Good on you Peter for sticking with it all these years. Your avatar's appropriate; you're definitely the captain of the (admittedly lonely) ship. I wish I could've done more to push the editors forward and stuck around longer as an active member of the steering committee but real life got in the way. Hopefully the stuff I dumped on
https://github.com/chaigler/t2d_editors helped somebody.
As for the engine, it's been an uphill battle for a long time now. GarageGames failing so soon after the engine was released, Melv departing for Unity, and then Michael Perry abandoning ship shortly after were big blows to the community. The lack of editors, outdated fixed function renderer, etc. didn't help either. It would've been nice if some of the work they did on 3 Step Studio could've been rolled back to T2D, just having some of those editors would've went a long way toward attracting more people to the engine.

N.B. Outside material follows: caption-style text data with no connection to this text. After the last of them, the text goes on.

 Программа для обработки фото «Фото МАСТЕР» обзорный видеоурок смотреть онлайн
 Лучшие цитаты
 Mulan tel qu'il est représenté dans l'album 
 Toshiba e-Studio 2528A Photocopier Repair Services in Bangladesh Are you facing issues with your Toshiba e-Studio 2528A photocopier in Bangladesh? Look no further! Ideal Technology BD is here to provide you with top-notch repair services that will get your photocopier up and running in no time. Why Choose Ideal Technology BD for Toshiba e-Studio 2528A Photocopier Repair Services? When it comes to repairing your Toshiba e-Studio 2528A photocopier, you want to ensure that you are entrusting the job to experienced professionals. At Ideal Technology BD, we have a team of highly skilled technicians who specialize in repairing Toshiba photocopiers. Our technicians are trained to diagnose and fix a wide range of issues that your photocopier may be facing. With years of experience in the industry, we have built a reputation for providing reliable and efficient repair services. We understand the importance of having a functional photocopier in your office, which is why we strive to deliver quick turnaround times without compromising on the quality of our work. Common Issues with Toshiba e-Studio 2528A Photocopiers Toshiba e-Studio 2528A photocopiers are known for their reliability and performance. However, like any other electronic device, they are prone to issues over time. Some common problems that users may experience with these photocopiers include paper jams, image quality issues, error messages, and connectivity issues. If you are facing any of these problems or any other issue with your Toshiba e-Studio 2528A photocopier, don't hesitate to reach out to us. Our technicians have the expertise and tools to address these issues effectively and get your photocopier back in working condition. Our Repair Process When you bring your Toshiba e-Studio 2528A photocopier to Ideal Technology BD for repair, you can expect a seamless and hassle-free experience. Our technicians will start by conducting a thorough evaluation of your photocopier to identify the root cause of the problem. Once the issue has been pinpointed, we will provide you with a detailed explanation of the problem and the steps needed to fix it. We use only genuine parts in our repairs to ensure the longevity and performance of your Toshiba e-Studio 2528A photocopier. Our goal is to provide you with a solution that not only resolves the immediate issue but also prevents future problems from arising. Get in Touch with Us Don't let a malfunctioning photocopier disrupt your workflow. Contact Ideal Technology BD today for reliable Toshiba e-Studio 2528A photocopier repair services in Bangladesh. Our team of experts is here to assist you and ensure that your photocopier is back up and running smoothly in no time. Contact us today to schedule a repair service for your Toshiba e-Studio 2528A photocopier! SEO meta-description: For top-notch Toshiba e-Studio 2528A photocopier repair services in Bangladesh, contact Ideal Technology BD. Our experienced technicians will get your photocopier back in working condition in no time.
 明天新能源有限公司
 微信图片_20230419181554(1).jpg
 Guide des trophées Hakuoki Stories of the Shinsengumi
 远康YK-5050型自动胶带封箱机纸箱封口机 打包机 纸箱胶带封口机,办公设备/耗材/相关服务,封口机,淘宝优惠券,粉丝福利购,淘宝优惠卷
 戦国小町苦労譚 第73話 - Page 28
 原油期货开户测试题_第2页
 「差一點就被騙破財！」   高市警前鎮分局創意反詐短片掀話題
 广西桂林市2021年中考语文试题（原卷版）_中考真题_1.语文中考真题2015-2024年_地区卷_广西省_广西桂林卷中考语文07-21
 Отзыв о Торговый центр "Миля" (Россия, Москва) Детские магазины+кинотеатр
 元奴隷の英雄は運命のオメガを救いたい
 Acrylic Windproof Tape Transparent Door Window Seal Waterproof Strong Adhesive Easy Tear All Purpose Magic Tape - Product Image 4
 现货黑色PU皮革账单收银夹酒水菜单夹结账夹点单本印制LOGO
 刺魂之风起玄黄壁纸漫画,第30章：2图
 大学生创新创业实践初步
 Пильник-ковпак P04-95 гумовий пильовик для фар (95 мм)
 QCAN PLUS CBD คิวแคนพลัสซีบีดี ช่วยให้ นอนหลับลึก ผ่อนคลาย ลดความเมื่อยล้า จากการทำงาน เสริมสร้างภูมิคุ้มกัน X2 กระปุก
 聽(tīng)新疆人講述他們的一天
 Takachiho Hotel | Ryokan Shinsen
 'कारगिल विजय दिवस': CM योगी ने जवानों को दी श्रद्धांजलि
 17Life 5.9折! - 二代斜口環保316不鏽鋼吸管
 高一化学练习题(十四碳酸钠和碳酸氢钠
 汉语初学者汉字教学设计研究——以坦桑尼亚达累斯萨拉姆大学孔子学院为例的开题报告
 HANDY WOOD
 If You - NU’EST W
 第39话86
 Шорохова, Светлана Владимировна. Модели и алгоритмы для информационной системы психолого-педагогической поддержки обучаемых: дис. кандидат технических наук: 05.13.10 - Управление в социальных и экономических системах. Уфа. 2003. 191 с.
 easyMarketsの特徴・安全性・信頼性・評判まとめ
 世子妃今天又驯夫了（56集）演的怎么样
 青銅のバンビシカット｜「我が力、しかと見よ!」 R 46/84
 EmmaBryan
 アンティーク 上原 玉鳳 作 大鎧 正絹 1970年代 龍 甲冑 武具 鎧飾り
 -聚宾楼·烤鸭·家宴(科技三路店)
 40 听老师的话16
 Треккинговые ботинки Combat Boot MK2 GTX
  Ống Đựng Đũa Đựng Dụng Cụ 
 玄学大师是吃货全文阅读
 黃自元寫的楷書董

I do think there's still a niche T2D can fill, though. I'm not particularly happy with the direction Godot took with 3.0 (the push to GLES3 and the latest-and-greatest rendering came at the cost of performance and compatibility and the engine is worse off in some ways than it was in 2.x). I have to believe there's a place in the world for an opensource, lean-and-clean 2D engine but the amount of competition out there is absurd and attracting users that will actively support the project is insanely difficult.
I would say it might be worth your time discussing things with Jeff and co. There was some talk a while back about leveraging T2D's clean codebase for T3D. Maybe there's an opportunity to leverage something from T3D in return? I've always thought the ideal situation would be a hybrid, Franken-engine pairing T2D's 2D abilities with T3D's more modern renderer but that's an improbable dream at this point.